IT may be said that all this art-study is unnecessary, that it is sufficient carefully to observe life and scenery, and then to write down all that the eye has noted, woven into the form of a story. This is not easy work, our very faculty of observation is qualified by our power of true mental vision; without mental vision, and the selecting power that belongs to it, the objects noted down, instead of forming a coherent and lifelike picture in the mind of a reader or listener, will produce a dry catalogue of persons and things, there will be a want of proportion and perspective, of efficient light and shade. “No one knows what he can do till he tries” is a very true saying which fits our case. Let persons without the literary faculty try to write off a description of the office or counting-house in which they work, of the room, whether it be study or drawing-room, in which they dwell, of the persons among whom they live, and they will see what the results of such attempts are from a literary standpoint.

Silas Marner

Many passages might be quoted to illustrate the vigour and distinctness with which this power of Vision manifests itself, and in a few words creates a picture which remains impressed on the mind of the reader, but I have not space for them. Here is one, however, which stands out by itself in intensity of distinctness and direct presentation.
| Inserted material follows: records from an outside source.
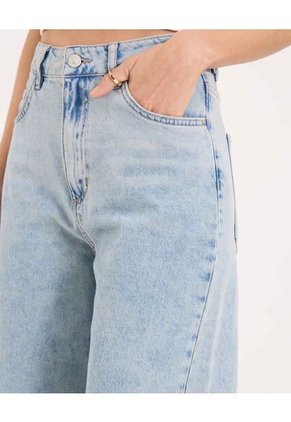 Jean Para Mujer Culotte Color Azul Marca Ostu #40160582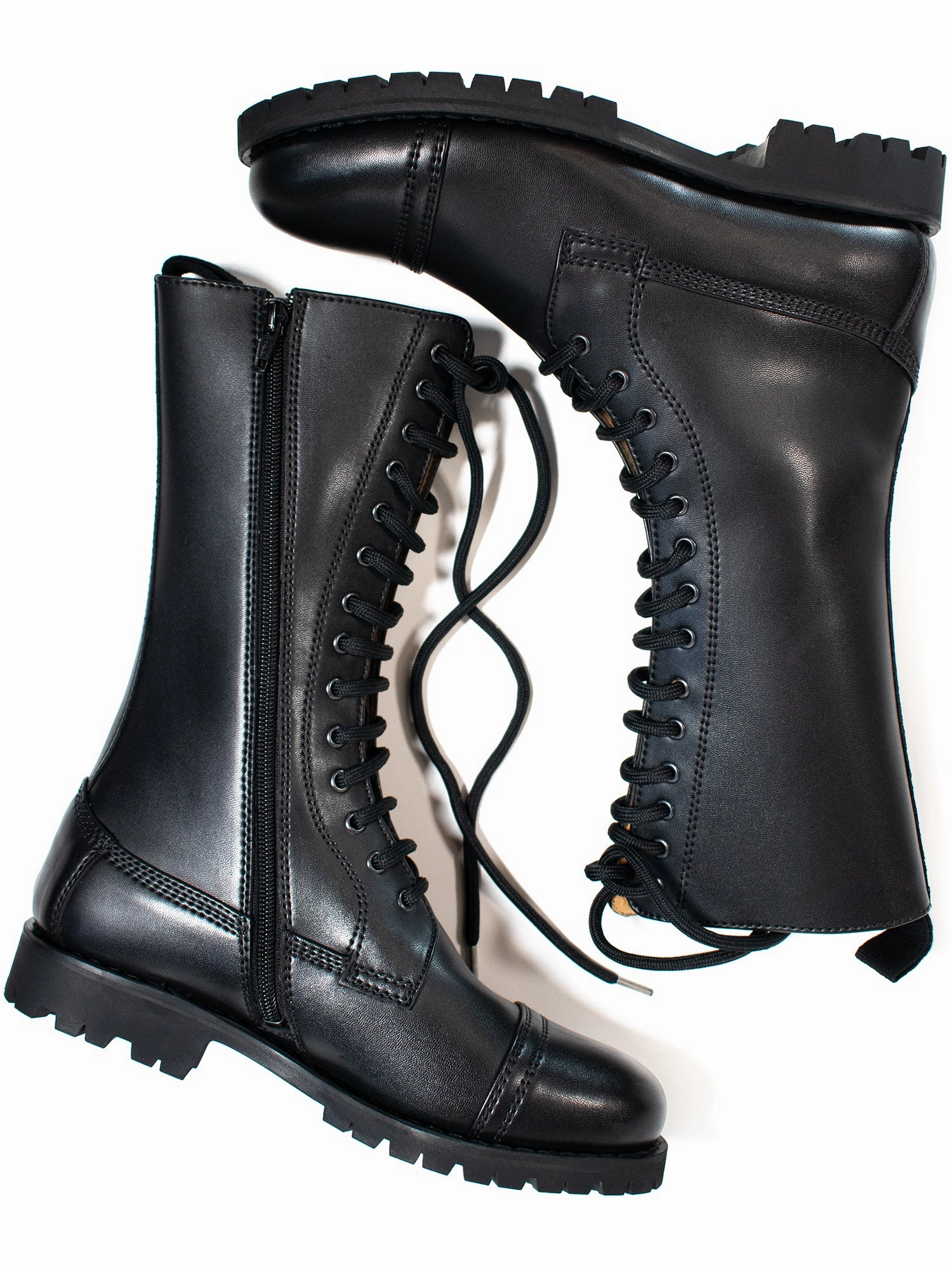 Abrasion resistant Rain Proof Goodyear Welt 14 Eye Boots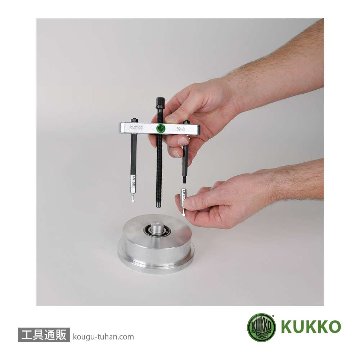 KUKKO 29-A-69 セパレーター&ベアリングエキストラクターセットの画像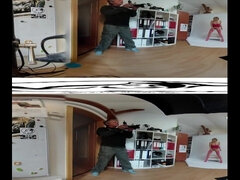 Tridimensional, Por trás do pano, Tchecoa, Hd, Nu pelado, Realidade, Solo chão, Brinquedos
Silas Marner, standing at his cottage door, has had a fit of unconsciousness, during which the child, little Eppie, has found her way into his hut.
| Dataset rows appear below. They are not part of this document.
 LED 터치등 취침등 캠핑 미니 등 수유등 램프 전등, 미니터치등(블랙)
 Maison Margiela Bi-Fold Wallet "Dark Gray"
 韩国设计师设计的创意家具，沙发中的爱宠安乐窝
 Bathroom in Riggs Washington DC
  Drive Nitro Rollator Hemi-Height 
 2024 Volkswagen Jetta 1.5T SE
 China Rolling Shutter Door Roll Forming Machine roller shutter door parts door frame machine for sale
“Turning towards the hearth, where the two logs had fallen apart, and sent forth only a red, uncertain glimmer, he seated himself in his fireside chair, and was stooping to push his logs together, when, to his blurred vision, it seemed as if there were gold on the floor in front of the hearth. Gold!—his own gold brought back to him as mysteriously as it had been taken away! He felt his heart begin to beat violently, and for a few moments he was unable to stretch out his hand and grasp the restored treasure. The heap of gold seemed to glow and get larger beneath his agitated gaze. He leaned forward at last, and stretched forth his hand; but instead of the hard coin with the familiar resisting outline, his fingers encountered soft, warm curls. In utter amazement, Silas fell on his knees, and bent his head low to examine the marvel: it was a sleeping child—a round, fair thing, with soft yellow rings all over its head.”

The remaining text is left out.